Copy the final lines exactly, starting at the one that contains "Nurse Mode On" and ending with the last line of the listing below. Pictures are not part of the copy.

### SUPPLIED ENTRIES

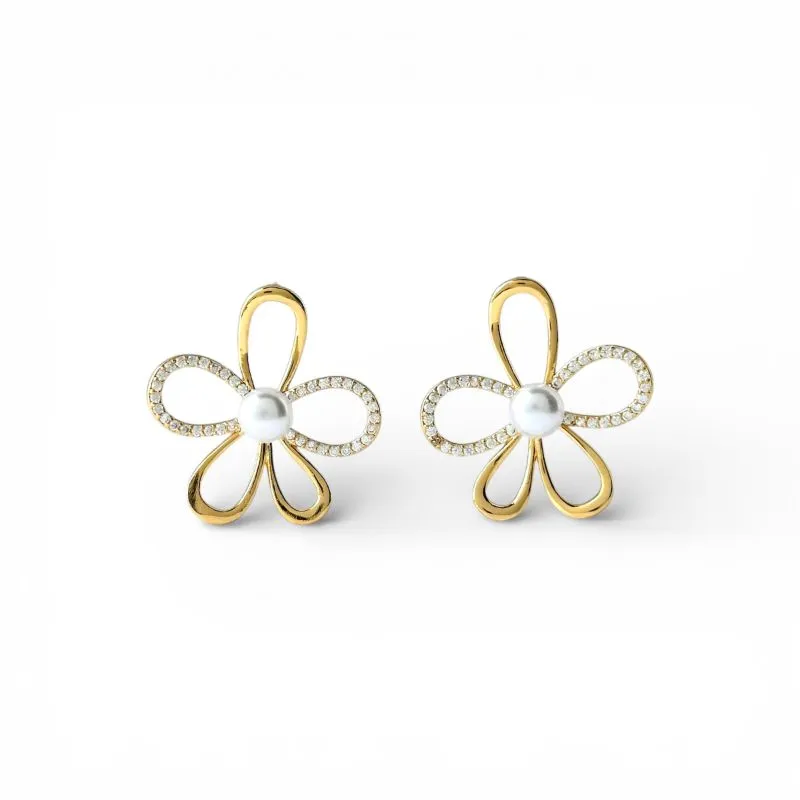 Brinco Maximalista Flor com Pérola e Zircônias Banhado a Ouro 18k - 2,5cm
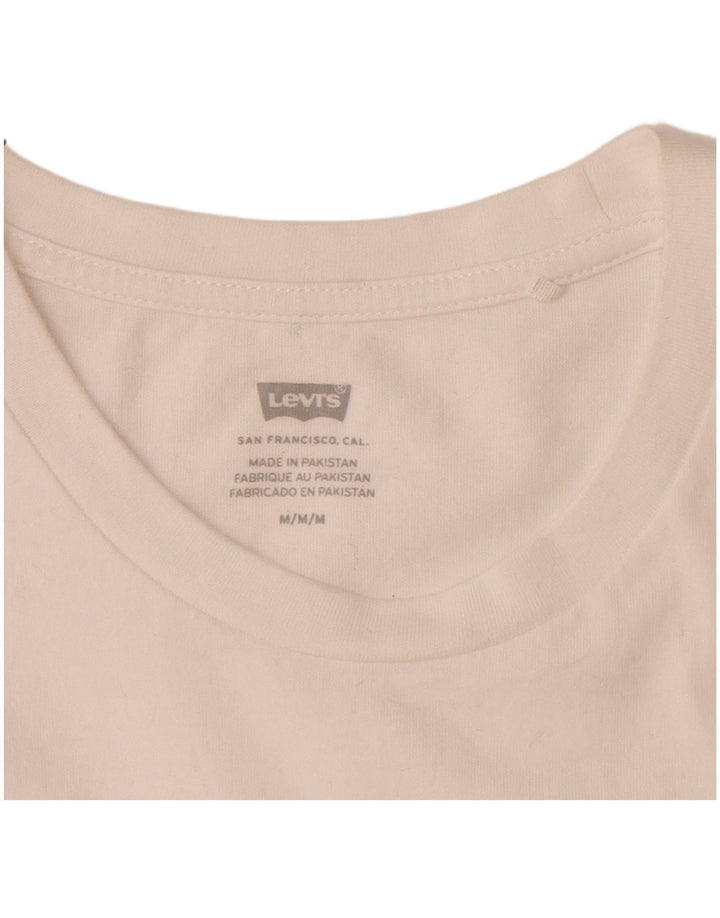 LEVI'S Womens Graphic T-Shirt Top UK 12 Medium White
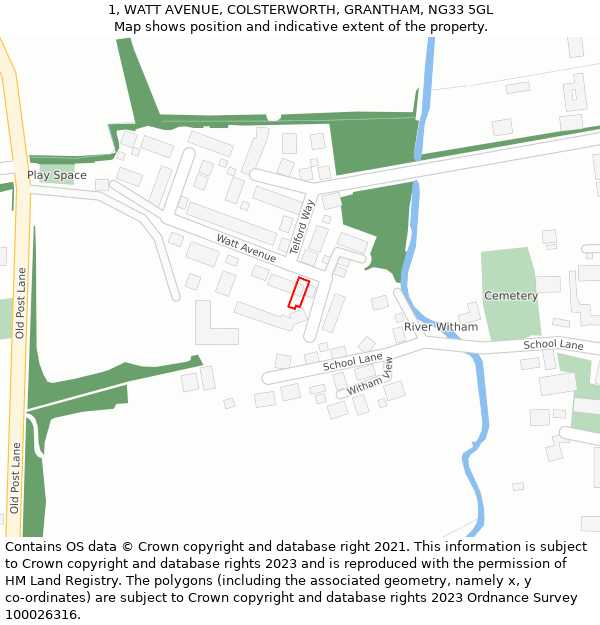 1, WATT AVENUE, COLSTERWORTH, GRANTHAM, NG33 5GL: Location map and indicative extent of plot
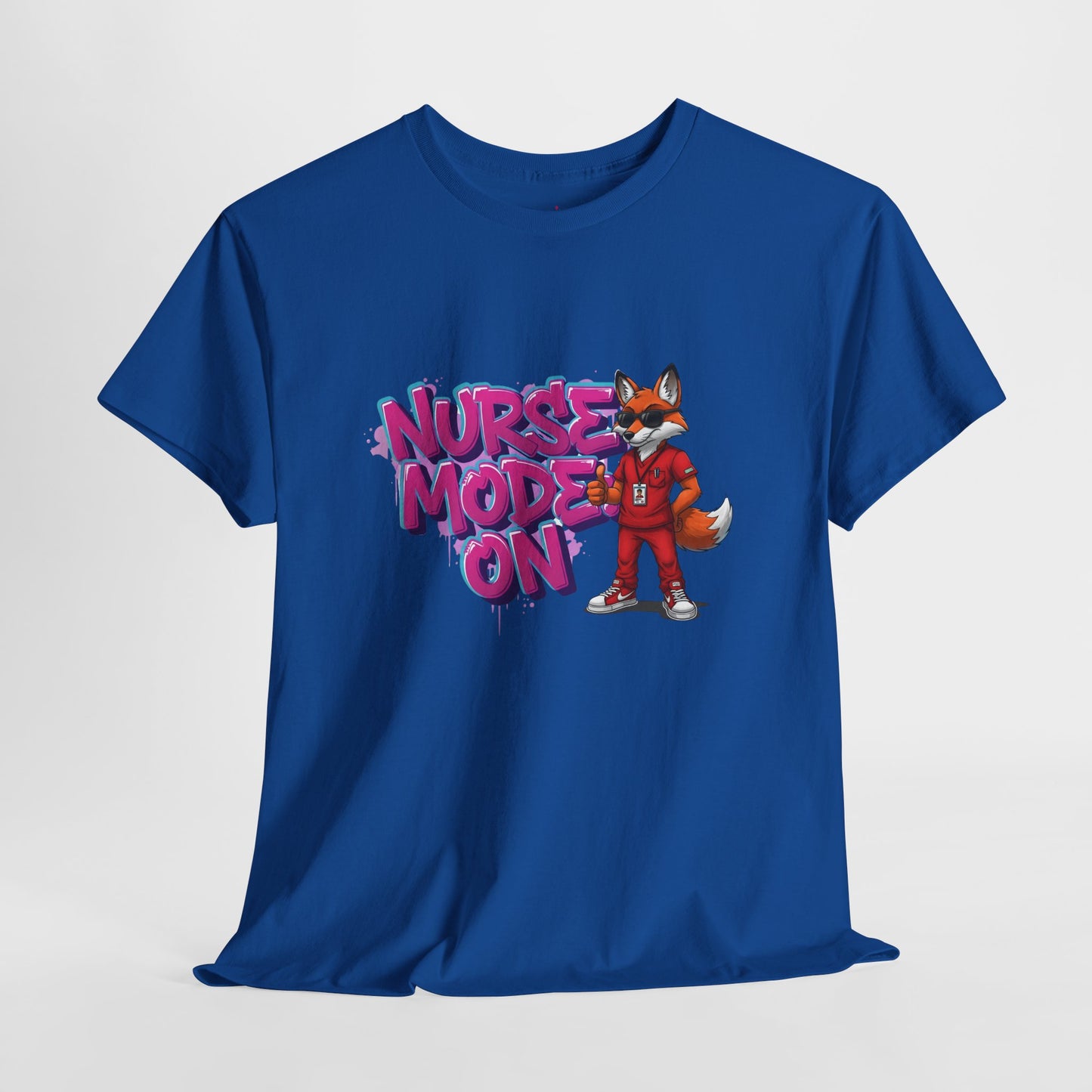 Nurse Mode On T-Shirt — Cute Fox Nurse Graphic Tee for Healthcare Workers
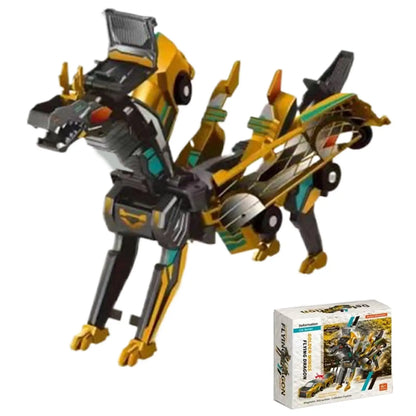 Magnetic 2-in-1 Transforming Car Toy for Kids – Unicorn & Dinosaur Robot, DIY Impact Deformation Racing Educational Gift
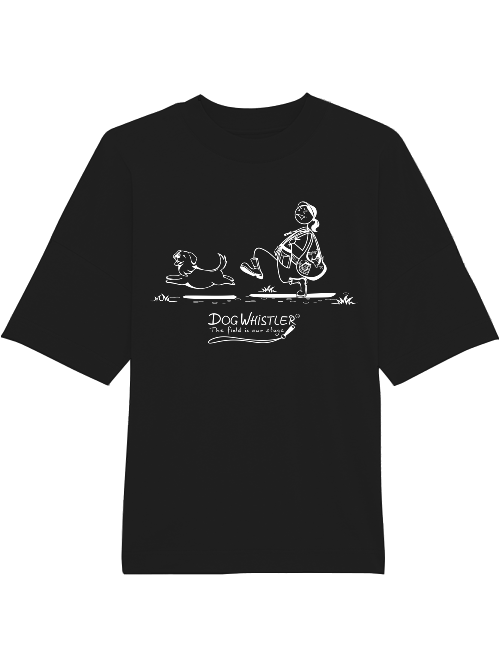 Oversized Unisex T-Shirt Blaster DOGWHISTLER Motiv "keuch" Druck schwarz und weiß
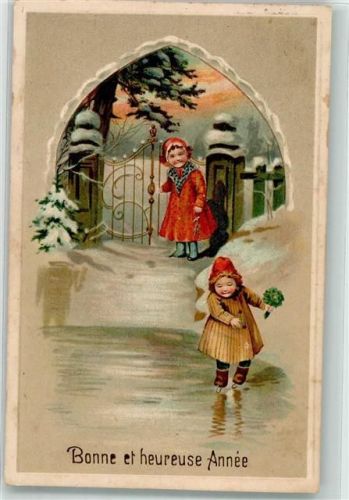 1913 Neujahrsgrüße Kleines Mädchen übt sich vor den Augen der Mutter im Schlittschuh fahren Lithographie Bonne et heureuse Annee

######

● YOUR RESPONSE
 Nurse Mode On T-Shirt — Cute Fox Nurse Graphic Tee for Healthcare Workers
 Magnetic 2-in-1 Transforming Car Toy for Kids – Unicorn & Dinosaur Robot, DIY Impact Deformation Racing Educational Gift
 Oversized Unisex T-Shirt Blaster DOGWHISTLER Motiv "keuch" Druck schwarz und weiß
 1913 Neujahrsgrüße Kleines Mädchen übt sich vor den Augen der Mutter im Schlittschuh fahren Lithographie Bonne et heureuse Annee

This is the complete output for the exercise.